▸ THE PROBLEM:
What is needed is an exact reproduction of the lines in the records below, starting at the line with "Drehbarer Sessel Blau" and ending at the line with "Jingdezhen white crack", both included, and nothing else; pictures stay out.

▸ RECORD EXTRACTS:
=== Section Start ===
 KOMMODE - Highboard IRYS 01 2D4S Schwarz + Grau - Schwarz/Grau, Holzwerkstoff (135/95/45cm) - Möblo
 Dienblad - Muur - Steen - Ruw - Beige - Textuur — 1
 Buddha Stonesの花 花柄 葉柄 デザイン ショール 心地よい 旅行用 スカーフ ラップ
=== Section End ===
=== Section Start ===
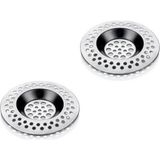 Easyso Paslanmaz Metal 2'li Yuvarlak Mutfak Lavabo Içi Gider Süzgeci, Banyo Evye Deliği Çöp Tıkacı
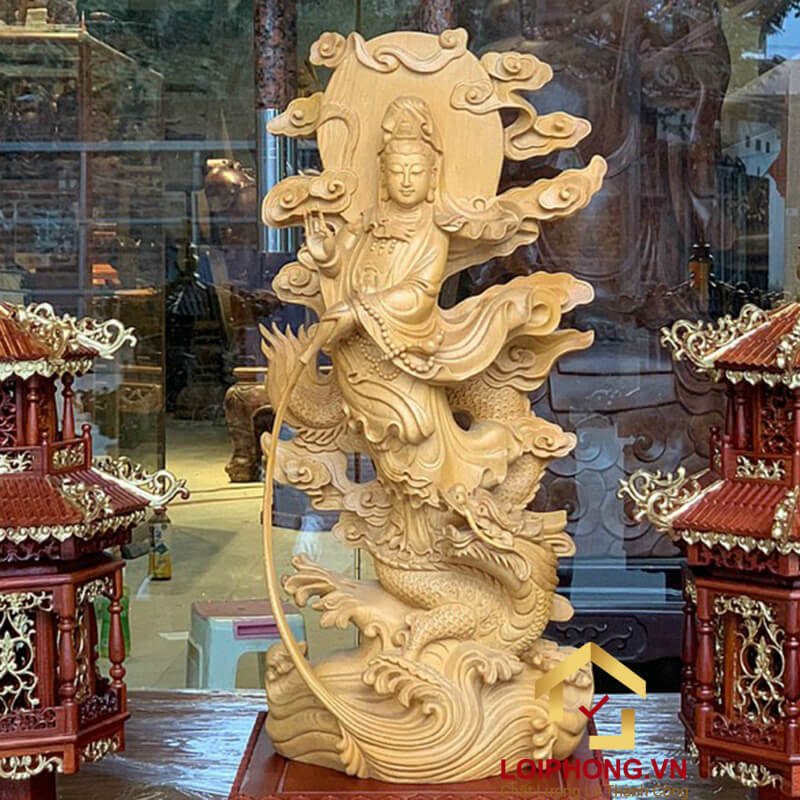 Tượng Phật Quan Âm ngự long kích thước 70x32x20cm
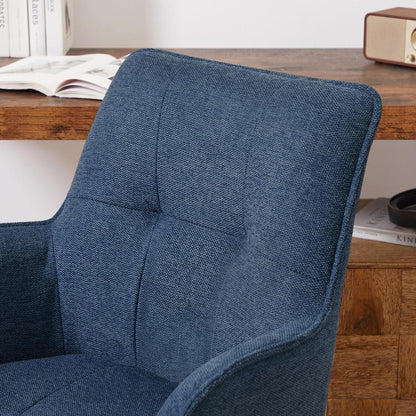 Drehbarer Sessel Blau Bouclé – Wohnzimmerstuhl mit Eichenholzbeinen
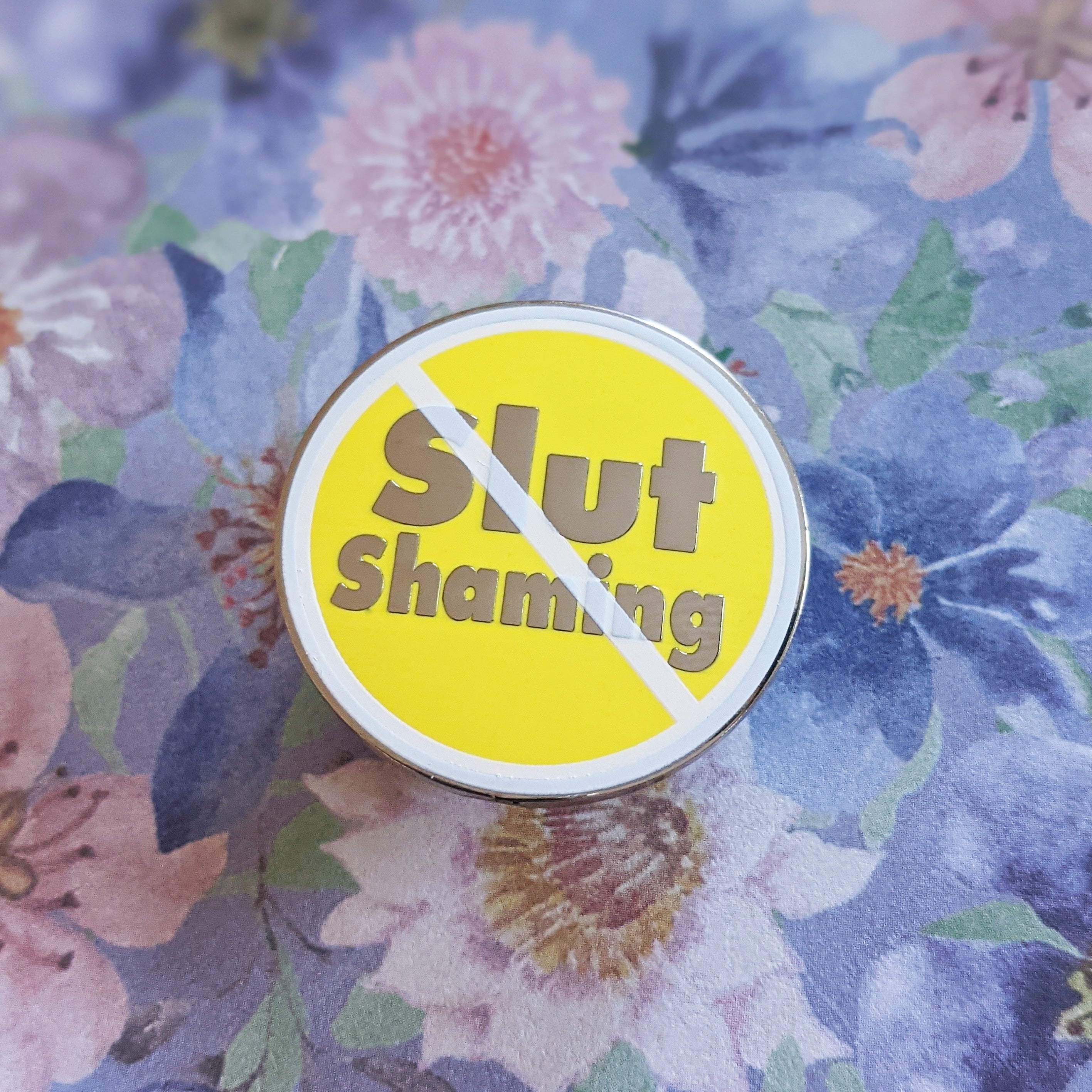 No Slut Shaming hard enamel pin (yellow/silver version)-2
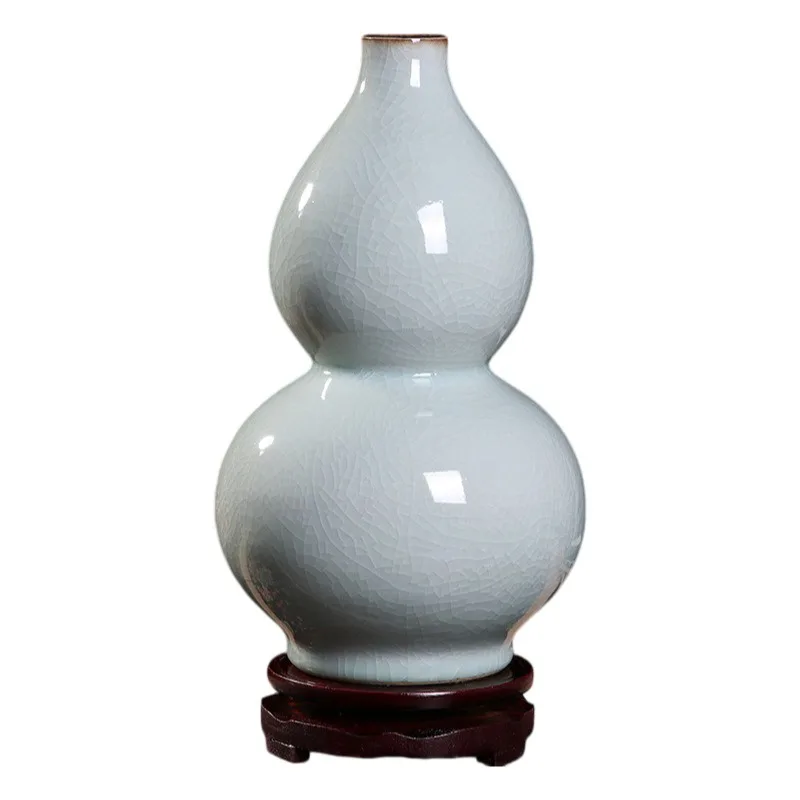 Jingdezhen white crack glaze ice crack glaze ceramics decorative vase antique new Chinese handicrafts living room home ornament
=== Section End ===
▸ ANSWER TO THIS EXERCISE:
 Drehbarer Sessel Blau Bouclé – Wohnzimmerstuhl mit Eichenholzbeinen
 No Slut Shaming hard enamel pin (yellow/silver version)-2
 Jingdezhen white crack glaze ice crack glaze ceramics decorative vase antique new Chinese handicrafts living room home ornament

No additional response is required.